自分が手を下さなくても誰かが代わりにやってくれるという立場の人を「権力者」といい,権力意識はその自分の立場を特権的に守ろうとするとき,誰にでも出現する.
それは,「今のままでいい」「違う立場に関心ない」「違う立場より自分が優位だと思いたい」という欲望で,認識面では「決めつけ」「単純化」,行動面では「優柔不断」「他者への命令」が特徴.(ミシェル・フーコー 要旨)
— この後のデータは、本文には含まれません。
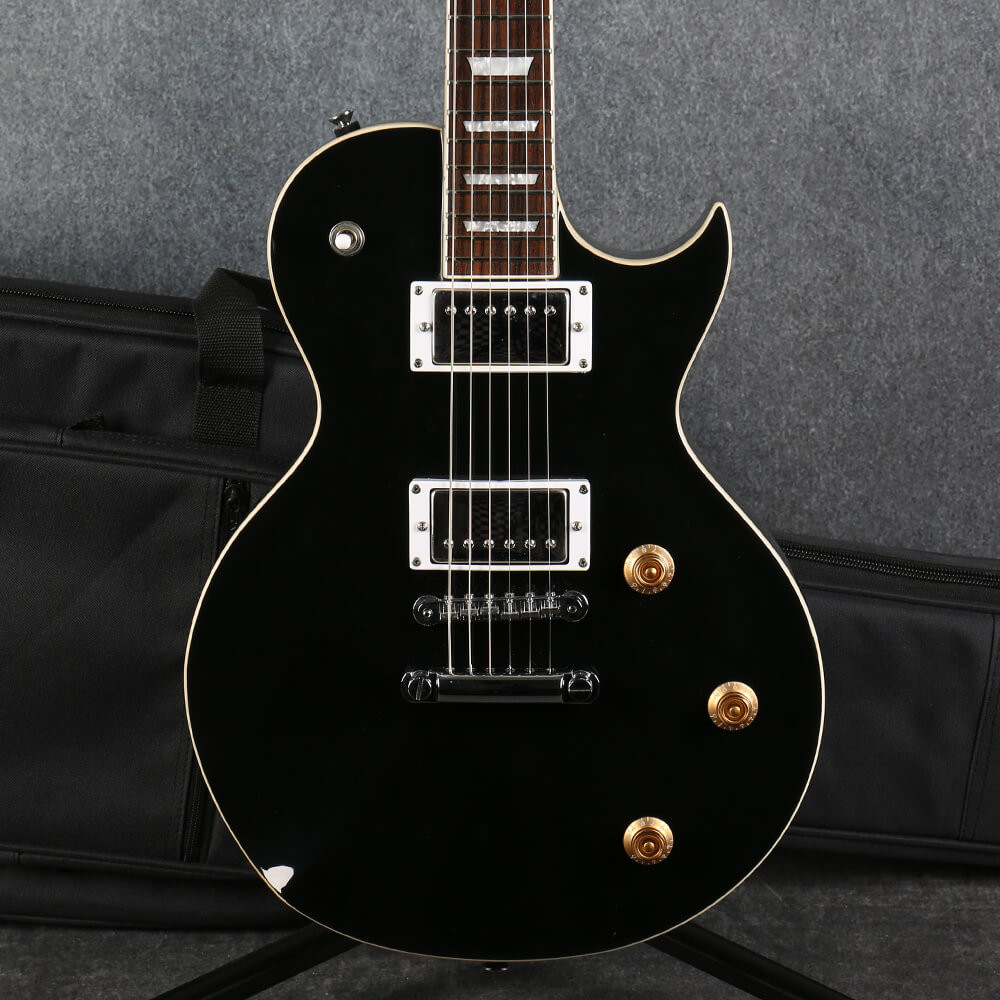 fret king eclat standard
私はこの権力意識はある種の動物的本能,自己防衛本能だとおもいます.
簡単に言うと,例えば「高卒なんて馬鹿さ」という連中がいます.
そういう大卒の連中は頭がよいのでしょうか.
決してそうではないですね.
これが権力意識です.
「女だからそんな仕事は無理だ」というのいます.
「○○出身だから」「○○党だから」「障害者だから」「○○教だから」「○○病だから」(きめつけ)等々あげればきりがありません.

つぎにいじめにあってる子がいるとします.
いじめる人はもちろんですが,実はそれを見て見ぬ振りをしている人も権力を振るっています.
この場合,見て見ぬ振りをする人は自分を安全地帯において(つまり自分の立場を守って),けっしていじめられる側に身を置こうとはしません.
これは「まなざしの暴力」という名の権力行使です.

直接権力を下さなくても卑怯な傍観者は権力の味方になるのですよ.
「悪いことをすること」,「よいことをしないこと」は同じか違うか.
「よいことをしないことは」かならず悪い権力の味方になります.
つまり不善は悪と同じです.
したがって,「みんながそうだから」,「習慣だから」,「しきたりだから」と無批判に従うのも,どこかで何らかの権力の味方になります.
先日の卒入対委員会の討論でこういった理由で意見を述べる生徒もいて「若いのに保守的だな」などと思いました.
「しきたり」とか「習慣」といのは,歴史のある時点で作られたものに過ぎず,結構一部の特権保持に役立っているものも多い.
「常識は時間の関数である」(A.アインシュタイン)

「それで傷つく人,いやな思いをする人はほんとうに誰一人いないのか?」という意識をもってほしいものです.
でないと,知らないに間に「いじめる側」に立ってしまうよ.
そのとき「知らなかった」では済まされない.
というより「知らなかった」で済ましてきてしまったのがこの社会です.
権力は今後も「知らないふり」で通そうとしています.
「人権」「権力」に対する感性を磨いてね.
「誰かを傷つけるかもしれないから怖い」と思うかもしれない.
でも社会が悪いといってるだけじゃ世の中よくならない.
失敗してもいいじゃない.今から始めよう.

こういうことを書くと,社会的地位が高くなることが悪いことのように聞こえるが,そうではないよ.
今,社会的地位の高いやつにろくなやつがいないから「なりたくないよ」と思うかもしれないが,みんなの中には,いやでも社会的地位が高くなる人もいると思う.
そのとき,弱者から収奪する「弱者利用の権力者」ではなく,社会的弱者に希望を与える「弱者奉仕の指導者」になれば,それだけで社会は少しよくなる.
そのために今から「利己主義の傍観者」をやめて「人道主義の行動者」を目指して勉強,思索,行動を開始してほしい.
勉強の目的はそこのあるんだよ.
行動する中でのみ自分が磨かれる.
その行動で,自分の美学,思想を確立してください.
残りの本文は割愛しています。